Prof. Oman Fathurrahman dalam artikelnya yang berjudul “Aceh, Banten dan Mindanao” (terbit di Republika, Jumat, 8 Maret 2012) mengatakan bahwa sejauh ini, Jaringan Ulama Azyumardi Azra (1994) dianggap sebagai kajian terlengkap saling silang hubungan keilmuan antar ulama Melayu-Nusantara dengan Haramayn (Timur Tengah). Tapi, keterlibatan ulama Melayu-Mindanao ternyata masih luput dari pengamatannya, mungkin karena sulitnya akses terhadap khazanah naskah Melayu di wilayah konflik ini.
Padahal, ulama Melayu-Mindanao dan peninggalan warisan tertulisnya yang berupa manuskrip, terbilang sangat penting dan kaya dan merupakan satu kesatuan yang tak terpisahkan dari narasi besar sejarah peradaban Islam di kawasan Nusantara.
Salah satu bukti akan adanya jaringan keilmuan dan keulamaan yang melibatkan Mindanao dan wilayah Nusantara lainnya ini adalah keberadaan manuskrip bernomor kode ML 361 koleksi Perpustakaan Nasional Republik Indonesia (PNRI) Jakarta. Manuskrip tersebut berjudul “Bidâyah al-Mubtadî ‘alâ ‘Aqîdah al-Muhtadî” dan dikarang oleh seorang ulama Mindanao yang bermukim di Aceh, bernama Syekh Abdul Majid al-Mindanaui. Karya tersebut diselesaikan pada 6 Rajab masa pemerintahan Sultan Mahmud Syah (memerintah 1767-1787 M).
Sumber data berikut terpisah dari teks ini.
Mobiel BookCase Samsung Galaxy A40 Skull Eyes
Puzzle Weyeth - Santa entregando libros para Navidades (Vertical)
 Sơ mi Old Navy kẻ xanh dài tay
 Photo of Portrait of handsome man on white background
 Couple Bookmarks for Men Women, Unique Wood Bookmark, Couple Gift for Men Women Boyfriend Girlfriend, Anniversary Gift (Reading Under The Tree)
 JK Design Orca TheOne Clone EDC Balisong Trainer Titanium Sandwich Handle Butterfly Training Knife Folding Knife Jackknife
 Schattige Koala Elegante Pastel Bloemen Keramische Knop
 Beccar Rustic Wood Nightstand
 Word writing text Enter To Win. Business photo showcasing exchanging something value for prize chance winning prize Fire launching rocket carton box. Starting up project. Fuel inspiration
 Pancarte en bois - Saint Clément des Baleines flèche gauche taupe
Dalam bukunya yang lain yang berjudul “Shattariyah Silsilah in Aceh, Java, and the Lanao area of Mindanao” (Tokyo: Research Institute for Languages and Cultures of Asia and Africa, Tokyo University of Foreign Studies, 2016, hal. 93-105), Prof. Oman juga menginformasikan koneksi Mindanao dengan Banten melalui jaringan Tarekat Syathariah. Terdapat beberapa orang ulama yang menjadi mursyid Tarekat Syathariah di Mindanao yang merupakan murid dari ulama Cianjur-Banten abad ke-18 M, yaitu Syekh Abdullah b. Abdul Qahhar al-Bantanî.
Sosok Syekh Abdullah b. Abdul Qahhar al-Bantanî, yang namanya disebut dalam silsilah Tarekat Syathariah di Mindanao, adalah salah satu tokoh penting yang memiliki peran signifikan dalam sejarah penyebaran ajaran tasawuf di wilayah Banten, Priangan dan Cirebon pada abad ke-18 M, selain sosok Syekh Abdul Muhyi Pamijahan (w. 1730 M).
* * * * *
Saya juga mendapatkan sebuah kopian manuskrip yang berasal dari Jasinga (Bogor) pada awad abad ke-19 M yang berisi genealogi intelektual (silsilah) Tarekat Syathariah jalur periwayatan Syekh Abdul Syakur Banten.
Manuskrip tersebut tersimpan pada keluarga saudara Agung Firmansyah Agung Firmansyah, alumni Program Pascasarjana Magister FIN UNUSIA Jakarta. Kolofon di dalam naskah menunjukkan bahwa salah satu teks pada naskah tersebut selesai ditulis pada hari Rabu, 27 Hapit (Dzulqa’dah) 1231 Hijri (19 Oktober 1816 Masehi).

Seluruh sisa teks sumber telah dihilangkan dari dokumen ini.